5.29.2013

Sepotong Negeri Utopia

Negeri yang makmur itu seperti apa? Seperti dalam dongeng kah? Seperti khayalan kah atau sekedar utopia? Apakah negeri yang makmur itu berarti, tidak ada lagi yang tangannya menengadah? Tidak ada lagi yang merintih kelaparan? atau tidak ada lagi yang nyaris menjemput kematian? Mungkin, namun negeri yang makmur itu harusnya sederhana, sesederhana saat dimana tidak ada yang harus memutar otak apalagi membanting tulang hanya untuk menjawab pertanyaan, "Esok makan apa?" Begitu kan?

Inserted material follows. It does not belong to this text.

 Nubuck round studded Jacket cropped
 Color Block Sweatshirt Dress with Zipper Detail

Negeri yang makmur itu bukan utopia, pasti bukan. Coba tengok, dulu ketika zaman kekhalifahan Bani Umayyah, masyarakat Islam dalam kemakmuran yang ideal. Khalifah Umar bin Abdul Aziz yang baru diangkat menangis karena besarnya tanggung jawab yang harus dipikul. Khalifah Umar terkenal karena semua harta miliknya dan keluarganya diserahkan kepada negara dan dia hidup dengan sederhana, jujur dan giat memberantas korupsi. Masa itu, para petugas zakat sampai putus asa mencari orang miskin untuk diberi zakat. Tidak ada pengemis di jalanan. Penjara menjadi lengang. Semua sudah berkecukupan dan warga taat hukum. Ketika semua orang telah menjadi mampu dan tidak ada lagi yang berhak menjadi mustahik atau penerima zakat, itulah salah satu definisi negeri yang adil dan makmur. (Dikutip dari Ranah 3 Warna, A. Fuadi).

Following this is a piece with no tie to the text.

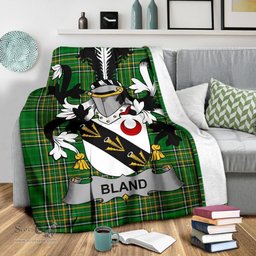 Scottish Bland Coat of Arms Family Crest Ireland Blanket Irish National Tartan Irish County Blanket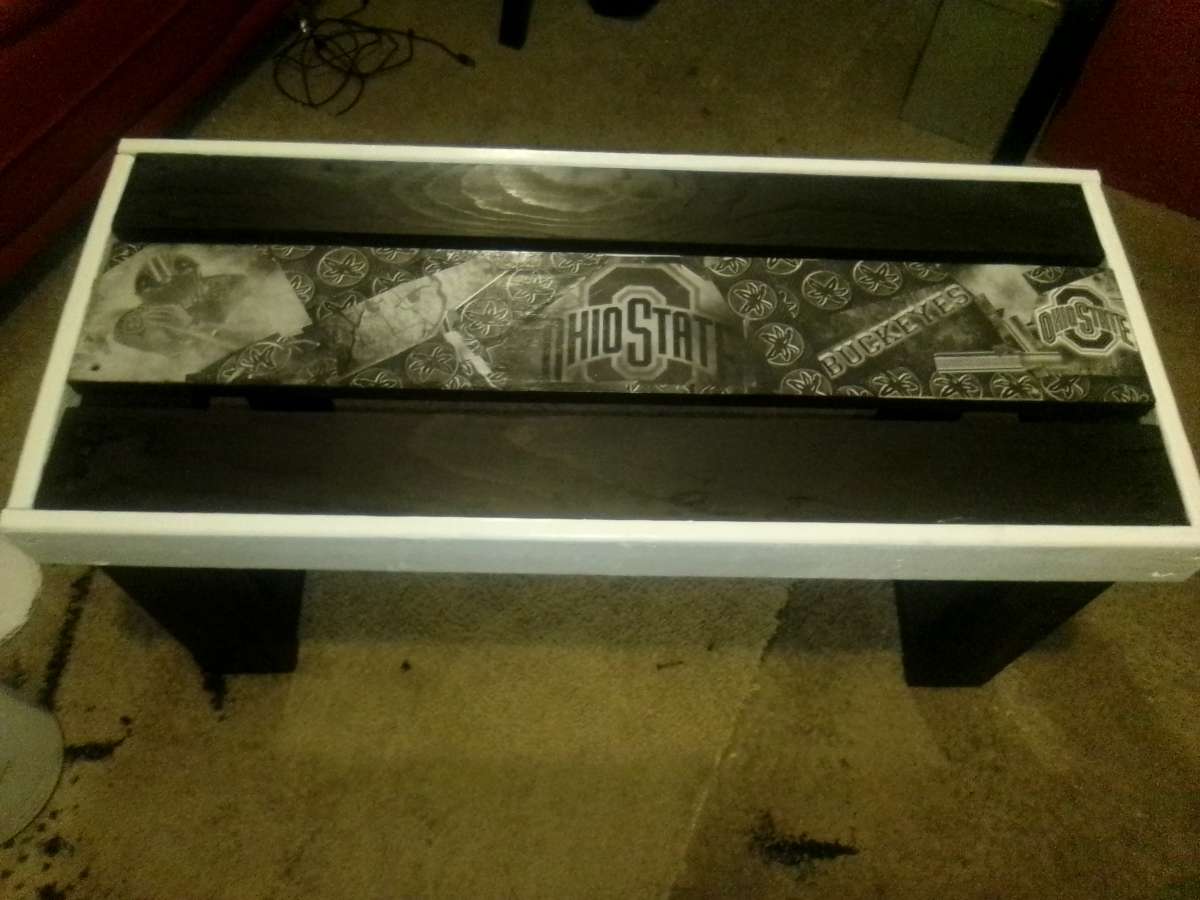 wooden Ohio State bench hand made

Lalu, coba kita bandingkan dengan negeri kita. Saat menjelang Idul fitri, tempat pembagian zakat luar biasa ramainya. Banyak yang berebut bahkan nyaris mati karena terinjak-injak. Pemimpinnya? Bak tikus berdasi, menggerogoti hak rakyat di lumbung padi mereka sendiri. Ironis ya.. Lalu baru-baru ini media semakin gencar-gencarnya mengungkap berbagai tindak korupsi khalifah negeri ini, pencitraan menjelang 2014 belaka kah? Namun terlepas dari itu, masyarakat tentunya sudah risih dan murka. Di sisi lain, negeri ini sudahkah aman?  Rasa aman itu bisa sesederhana perasaan tidak ada alasan untuk mengunci pintu rumah. Namun kenyataannya, mengunci pintu adalah suatu keharusan yang tak pernah kita tinggalkan. Itu berarti, tanpa kita sadari, kita belum merasa aman. Setidaknya dua indikator itu belum kita penuhi, lantas salahkah aku menyatakan negeriku masih jauh dari kata makmur?

Coba, pemimpin negeri ini atau setidaknya kita sendiri (sbg pemimpin diri) mulai menyadari dan mau belajar pada sepotong negeri utopia yang pernah ada, pada pemimpinnya. Bahwa, kehidupan seperti itu ada dan tentunya bisa kita buat ada.